Community pitches in to provide Thanksgiving meal
The turnout was pretty good for two local community Thanksgiving Day dinners in Marietta and Williamstown Thursday as several hundred families and individuals shared a hearty meal with all the trimmings.
Nancy Gutberlet and friend Patricia Wilson, both of Marietta, brought their children, eight in all, to the Norwood United Methodist Church’s community dinner.
“My family is in Columbus, and (Patricia’s) husband is on the road, so on the spur of the moment we decided to come down for Thanksgiving dinner,” Gutberlet said. “We’ve volunteered to help with the dinner in past years, but this year we’re just here to enjoy the (food).”
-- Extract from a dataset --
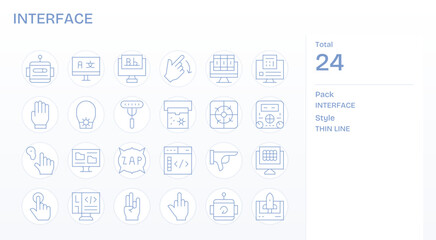 Interface Vector Graphics Pack including 24 Thin Line Retina Ready Display Perfect Icons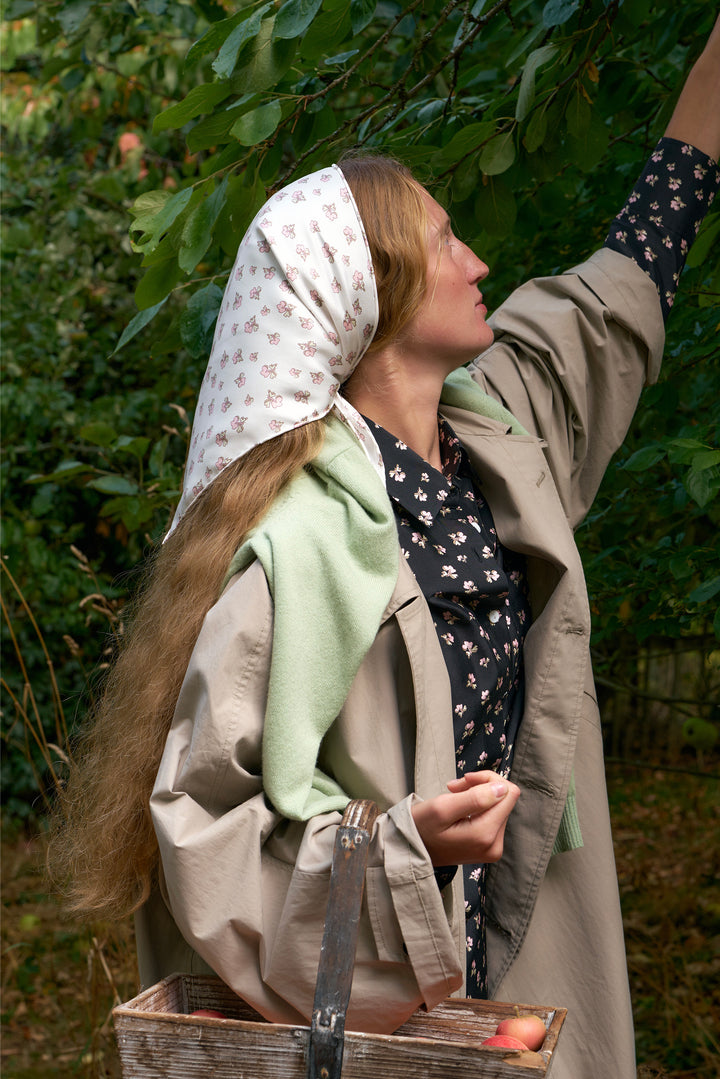 PAJA Farm Edit Dupion Silk Floral Print Triangle Scarf - White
Wilson said because her husband was working she brought her mother and two children to the church for dinner.
“If we hadn’t come here I probably wouldn’t have done anything special for Thanksgiving dinner,” she said.
Roxanne McGee, who just moved into the Marietta area from Wisconsin, came to volunteer at the church Thursday.
“This is my first time here. I went on the Internet to look for anyplace I could volunteer and found they needed help at this dinner,” she said. “I once volunteered to help with a dinner in Wisconsin and enjoyed it immensely. I have a lot to be thankful for, and all we can do that’s really meaningful in life is to help others.”
Matt Brookover and Jack Hirschfield, both from Devola, were also helping with the Norwood dinner.
“I try to get here every year to help these people out,” Brookover said. “My grandmother, Jan Bigger, usually plays the keyboard during this dinner. She’s the one who really got me into volunteering.”
Hirschfield came to volunteer at the Norwood UMC dinner for the first time with his dad, John, and brother Brandon.
“This is nice, and it’s good to be able to help these people out on Thanksgiving Day,” he said.
Tom Insley, who coordinates the annual Thanksgiving Day dinners at the church, said approximately 250 of the meals were delivered to shut-ins and other folks who may not have wanted to brave Thursday’s cold temperatures to get to the community dinner.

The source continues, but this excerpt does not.